• **EXERCISE DIRECTIONS**: Every line of the material is to be duplicated precisely.

• **SOURCE MATERIAL**:

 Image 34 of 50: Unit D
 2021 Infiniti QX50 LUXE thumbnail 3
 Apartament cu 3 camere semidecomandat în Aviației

• **RESULT FOR THIS TASK**:
 Image 34 of 50: Unit D
 2021 Infiniti QX50 LUXE thumbnail 3
 Apartament cu 3 camere semidecomandat în Aviației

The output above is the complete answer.